▶ [WHAT IS NEEDED] Please give the entries again in full and exactly, without any picture.

____ RECORDS SUPPLIED

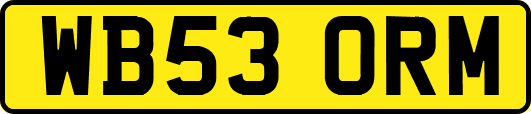 WB53ORM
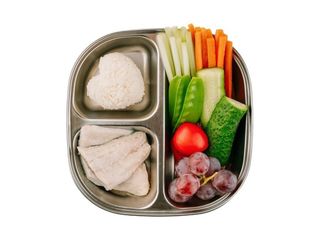 Обід "ідеальна дитина" з рибою (330g)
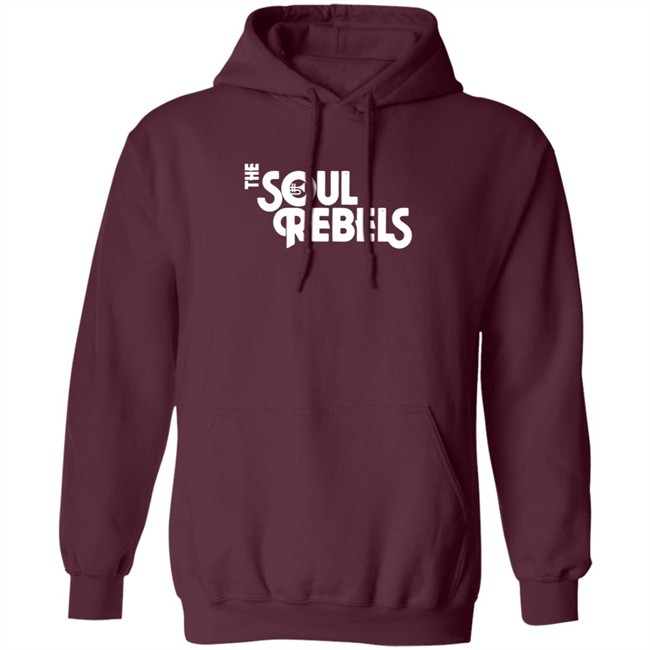 The Soul Rebels Merch Logo Tee The Soul Rebels Merch Logo Tee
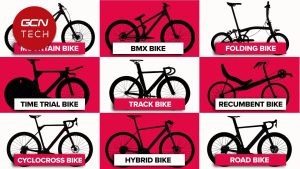What are the different types of bike frames?
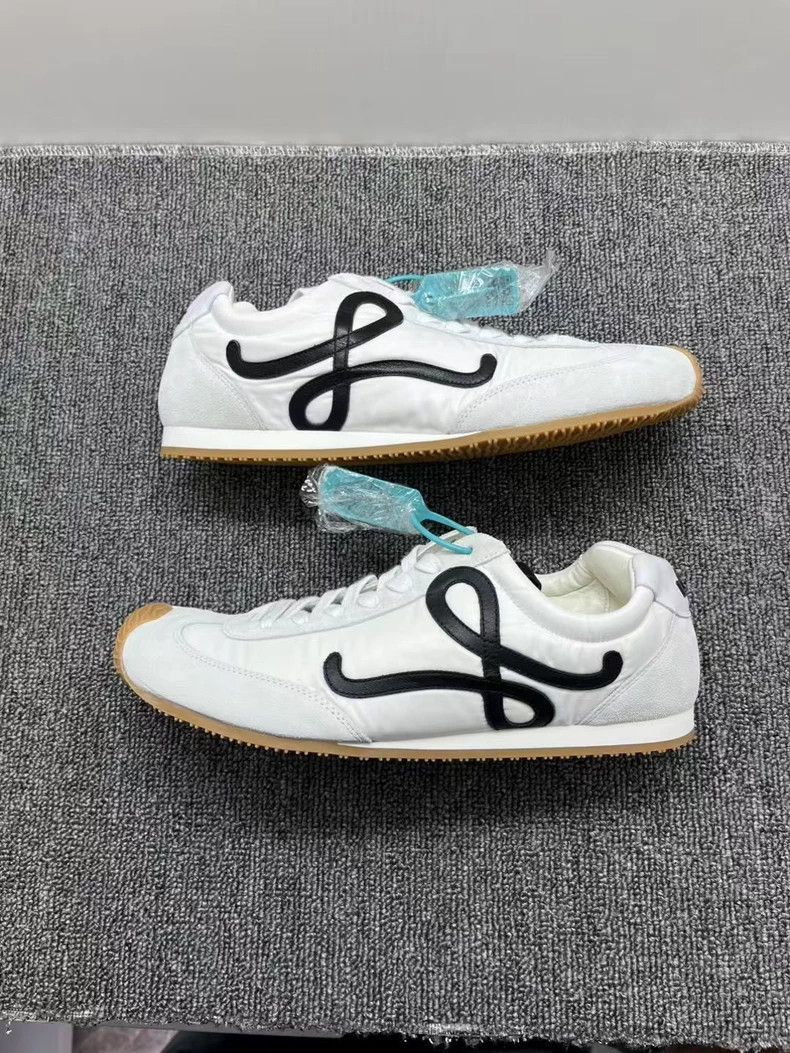 Loewe Loewe Ballet Runner2 White Sneakers Size 45-yf Size US 11 / EU 44 - 4 Thumbnail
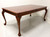 SOLD - PENNSYLVANIA HOUSE Solid Cherry Chippendale Style Ball in Claw Dining Table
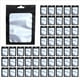 thumbnail image 1 of 2000piezas Bolsa Almacenamiento de Alimento con con Ventana Transparente Bolsa de Empaque Granos de Café para Suministros Alimentos Sellado Automático(Negro,2.4 X 4pulgadas), 1 of 8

________

▶ [TASK OUTPUT]
 WB53ORM
 Обід "ідеальна дитина" з рибою (330g)
 The Soul Rebels Merch Logo Tee The Soul Rebels Merch Logo Tee
What are the different types of bike frames?
 Loewe Loewe Ballet Runner2 White Sneakers Size 45-yf Size US 11 / EU 44 - 4 Thumbnail
 SOLD - PENNSYLVANIA HOUSE Solid Cherry Chippendale Style Ball in Claw Dining Table
 thumbnail image 1 of 2000piezas Bolsa Almacenamiento de Alimento con con Ventana Transparente Bolsa de Empaque Granos de Café para Suministros Alimentos Sellado Automático(Negro,2.4 X 4pulgadas), 1 of 8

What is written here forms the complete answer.